Opening in An Lanntair’s Main Gallery on Saturday May 22, new exhibition South West by South, An t-Eilean Fada, The Long Island: A Poetic Cartography by artist Gill Russell, explores the dynamic relationship between the sea and land, and reveals the nautical heritage of the Outer Hebrides.
Gill said: “The dense interplay of sea, land, and light in the northwest of Scotland, and in particular the Western Isles has captivated me since childhood. I often imagined living there.
“Along the extent of the liminal shore the interplay of tidal currents and weather is complex and, from a human perspective, fickle, authoring, dramatic, and sometimes destructive, events.
“Although I felt a deep attachment to the place and however much it inspired my practice, I came to realise that I would always be a tourist, a spectator, on the outside of an entrenched culture looking in. It was important to make connections.”

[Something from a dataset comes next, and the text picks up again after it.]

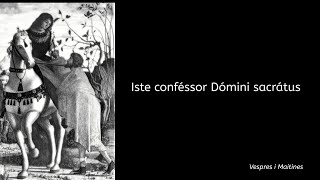 Iste conféssor Dómini sacrátus [upl. by Eigram]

In making connections, Gill visited the islands several times over a two-year period, as well as researching oral history interviews from Tobar an Dualais/School of Scottish Studies, which form a central part of the upcoming An Lanntair exhibition.
A recorded account of the Van Stabel, a ship-wrecked off the coast of Heisker (Monach Isles), brought her to meet the Laing family of North Uist; her explorations of the Sound of Harris lead her to interview Berneray native Donald MacLean; and playing low whistle at a local pub session introduced her to box player Dougie MacDonald from North Uist who helped her understanding of Gaelic stories.
South West by South expresses Gill’s work through a ‘poetic cartography’, presenting an installation of large-scale prints, vinyl wall drawings, audio recordings, and maps.
Her poetic cartography maps the Sound of Harris, its notoriously treacherous skerries and shoals, and the stories and folklore inspired by them. Tidal Streams communicates the potent force of the turbulent Pentland Firth; while the vinyl drawings of Tributrees explore the burns and rivers, the arterial life forces, which run through the spartan Lewis landscape.
The maps and poems of Lost Ships dwell on the many vessels wreaked around the Long Island, particularly near Heisker, and the loss of cargo and human life. And using oral recordings and dense prints, Sea Lore suggest the enthralling and unpredictable surge of the sea which haunts such tales.
Roddy Murray, An Lanntair Head of Visual Arts, said: “The sea defines these islands and the lore of the sea speaks eloquently of our relationship with it. This exhibition is as much about that history as it is about geography, topography, tidal patterns and place names. Gill expertly navigates us through the past, through reefs, skerries, channels, currents and streams to reveal our nautical heritage.”
South West by South, An t-Eilean Fada, The Long Island: A Poetic Cartography is exhibited at An Lanntair May 22 to July 4. The exhibition will also show in Taigh Chearsabhagh, North Uist, in September and October 2021.